When the voice in the megaphone said, “Or you can all go home and use your passports as kindling,” a heavy silence fell on the crowd. The sea of bobbing heads had been parted by the powerful gatekeeper. Only a select few would have the chance to hope and plead and cry today.
Just as the moon had made way for the sun earlier, the gatekeeper stepped aside and let us in. Manman, in her hunter-green battle gear, did not get a chance to wield any of the weapons she brought along: a wedding picture with my father in that too-big suit, a snapshot of my sisters with tear-stained faces, another picture of my father looking particularly lonely in the faraway country where heavy woolen clothing was too often necessary.
The gargantuan being I expected to see was a bespectacled little man in charcoal-colored slacks, starched white shirt, suspenders that made an X on his back, and flip-flops that slapped the marble floor with each seemingly directionless step. His skin was the color of a dried corn husk—not quite yellow, not quite beige. He was not white like a page in my composition notebook, but everyone called him “Blan” just the same. His eyes were the blue of waters too deep to swim in. Deep like that place in the ocean from which people seldom returned. But his bottomless-blue eyes were not interested in drowning us today.
With a sweeping motion of his arms, the consul invited us into his office. Perhaps he had met his secret quota of humiliation for the day. Perhaps his hands ached from crushing family after family with his Application Denied stamp. Perhaps he had grown tired of telling mothers and children to try again in six months or a year. Perhaps my green dress brought us good luck. “It was those psalms,” Manman later declared. “They worked like magic!”
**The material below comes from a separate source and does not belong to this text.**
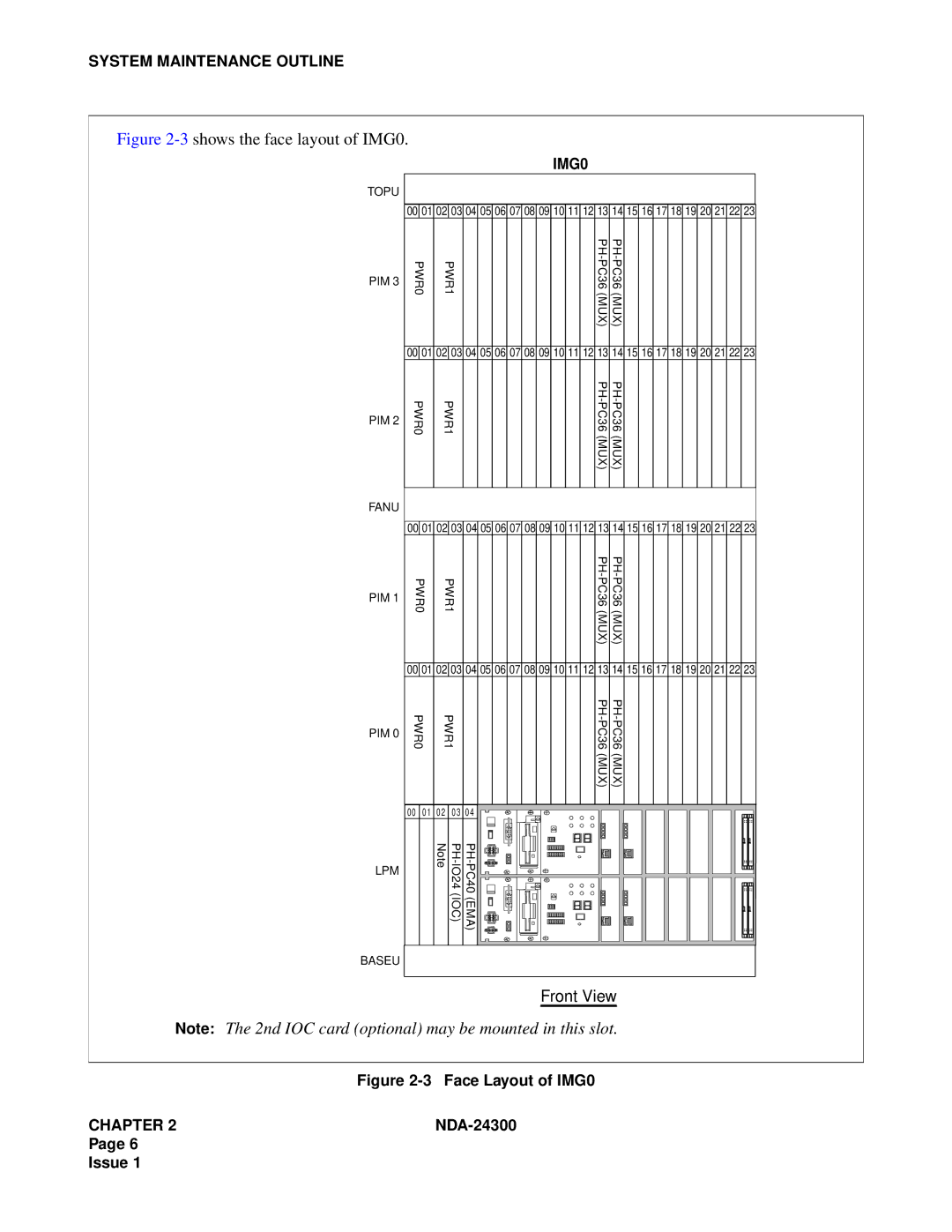 NEC NDA-24300 manual 3shows the face layout of IMG0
The consul signed Manman’s papers hastily, as if some unseen hand were guiding his, forcing him to write his full name here, put his initials there, stamp that coveted seal of miracles in all the necessary places. Manman could not snatch the documents out of his hands fast enough. Within days we would be in an airplane, flying toward the unknown. I would see my father again for the first time in a decade. I had forgotten everything I was supposed to remember about him; everything except the name by which I would never be allowed to call him: Frisner Desormeau.